Bilgece..

Bir bilgeye sormuşlar
— Efendim, dünyada en çok kimi seversiniz?
— Terzimi severim.
— Aman üstad, dünyada sevecek o kadar çok kimse varken terzi de kim oluyor? O da nereden çıktı?
— Dostlarım, evet ben terzimi severim. Çünkü ona her gittiğimde, benim ölçümü yeniden alır. Ama ötekiler öyle değildir. Bir kez benim hakkımda karar verirler, ölünceye kadar da, beni hep aynı gözle görürler.
Bir bilgeye sormuşlar...
— Dünyada en güzel şey ne?
— Sevmek.
— Peki sonra?
— Sevilmek.
— Neden sevmek sevilmekten önce geliyor?
— İnsan sevdiğine sevildiğinden daha çok emindir.
Bir bilgeye sormuşlar...
— Nasıl insan oluruz?
— Üç adım atlama gibi.
— Yani?
— Önce sana kötülük yapanlara kötülük düşünmemen gelir. İnsanlığa attığın ilk adım budur... Sana kötülük yapanlara iyilik yapabildiğin an ise ikinci büyük adımı atar ve hakiki insan olmaya başlarsın.

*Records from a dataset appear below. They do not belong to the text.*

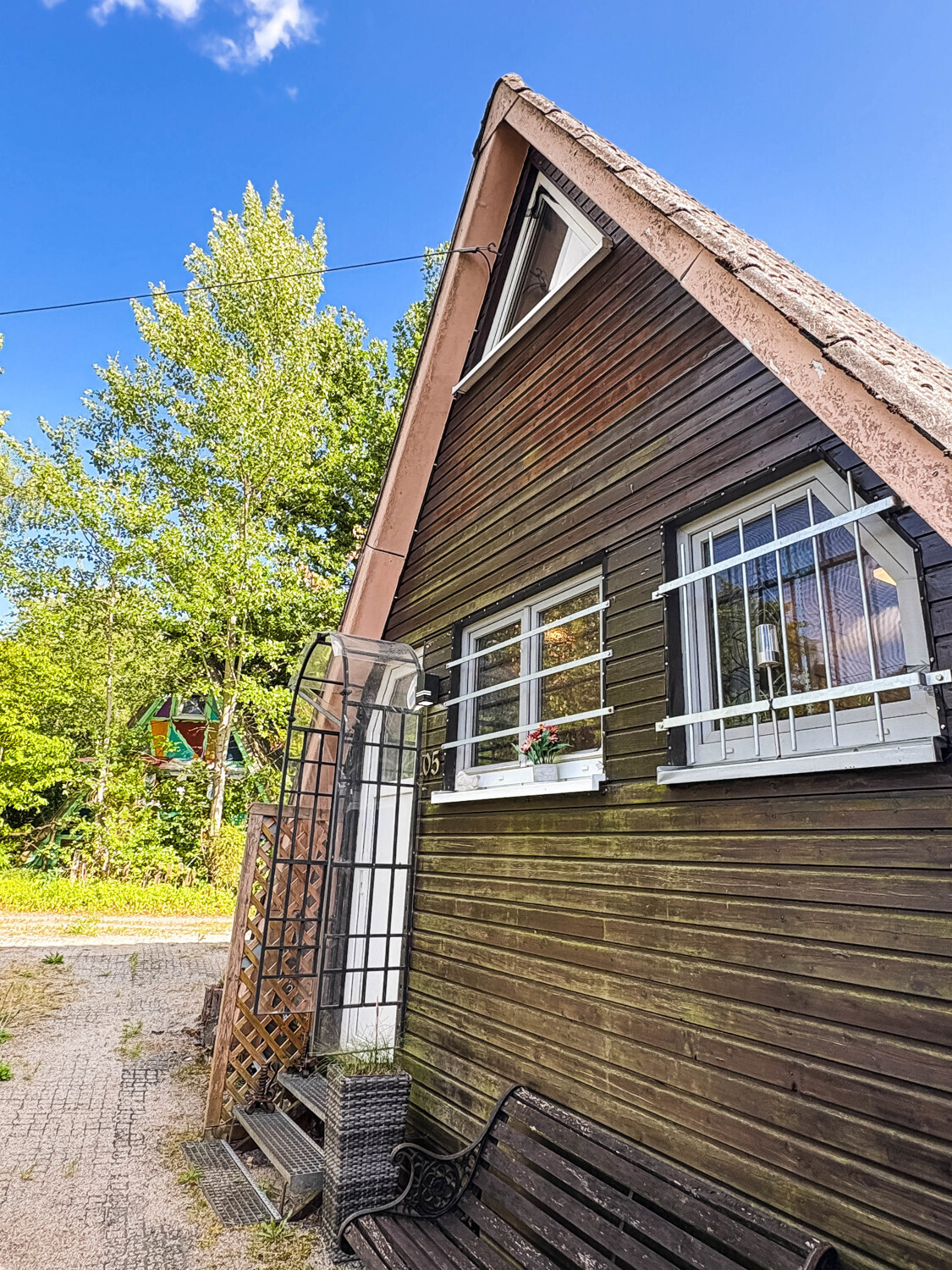 Hausansicht Zufahrt_Parkplätze (1)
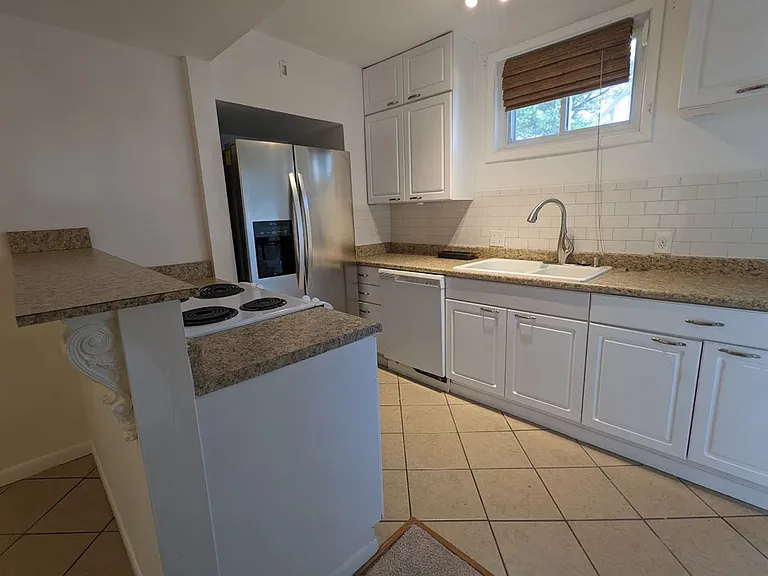 546 E. Jenkins Ave — Photo 6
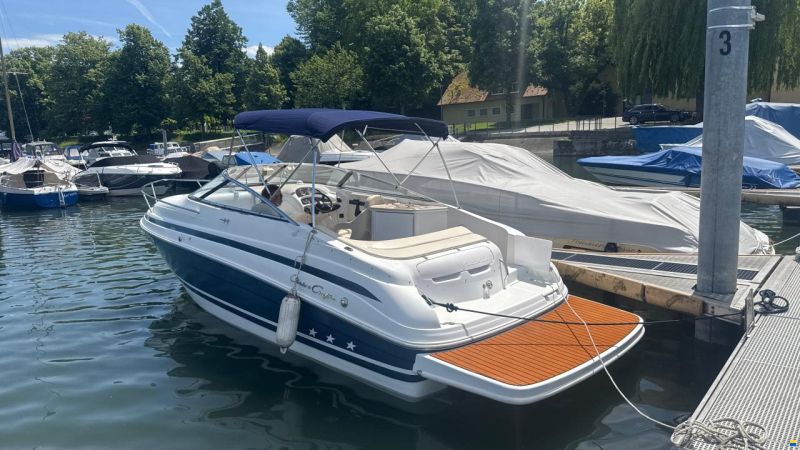 Chris Craft 240 Cuddy Cabin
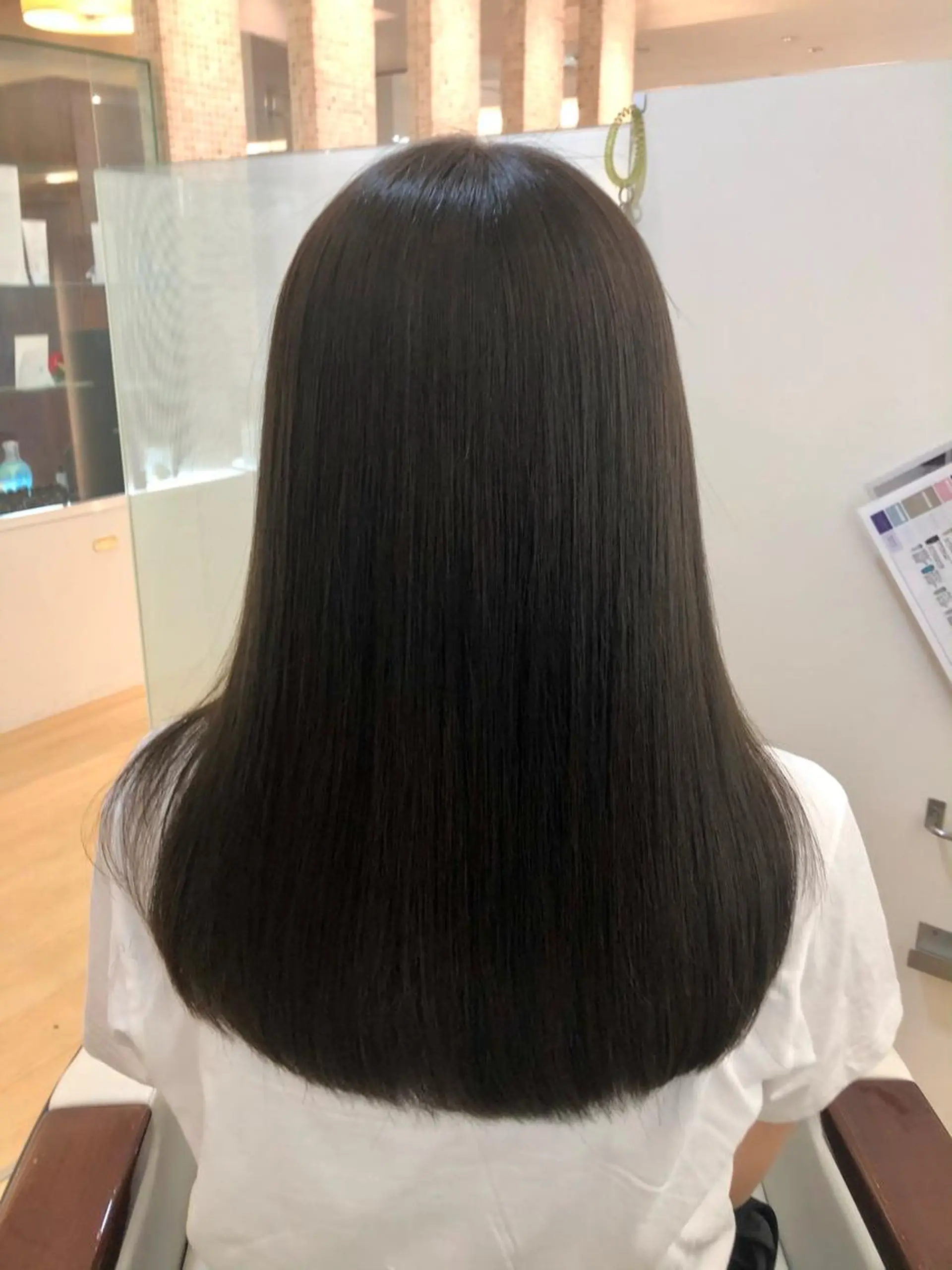 ロング 縮毛矯正 山岡 徹也のヘアスタイル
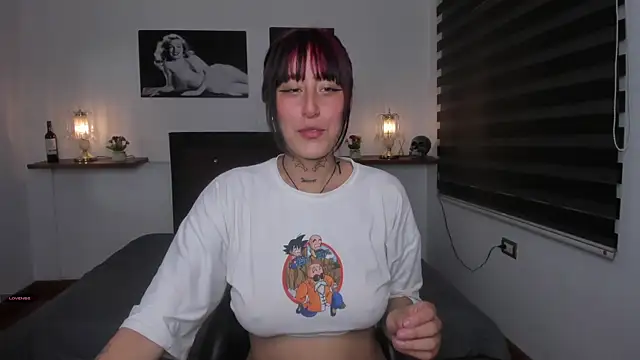 Mariana Joness online show from February 20, 2025, 2:40 am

Nihayet, sana iyilik yapanla kötülük yapan arasında bir fark hissetmeyecek hale geldiğin zaman insan olursun...
Bir bilgeye sormuşlar...
— Nasıl bu kadar doğru kararlar alabiliyorsunuz?
— Deneyim.
— O deneyimi nasıl kazandınız?
— Hatalarımla...
Bir bilgeye sormuşlar...
— Canınız ne istiyor?
— Canım hiçbir şey istememeyi istiyor. Bu ruh halinin adı gönül yorgunluğudur...
Bir bilgeye sormuşlar...
— Bir insanın zekâsını nereden anlarsınız?
— Konuşmasından.
— Ya hiç konuşmazsa?
— O kadar akıllı insan yoktur ki!
Bir bilgeye sormuşlar...
— En mutlu insan kimdir?
— Dağdaki çobandır.
— Neden?
— Çünkü insan bildikleriyle yaşar, onun bildikleri koyunları ve çevresiyle sınırlı, kendisini mutsuz edecek veya kafasını karıştıracak fazla bir bilgiye sahip değil.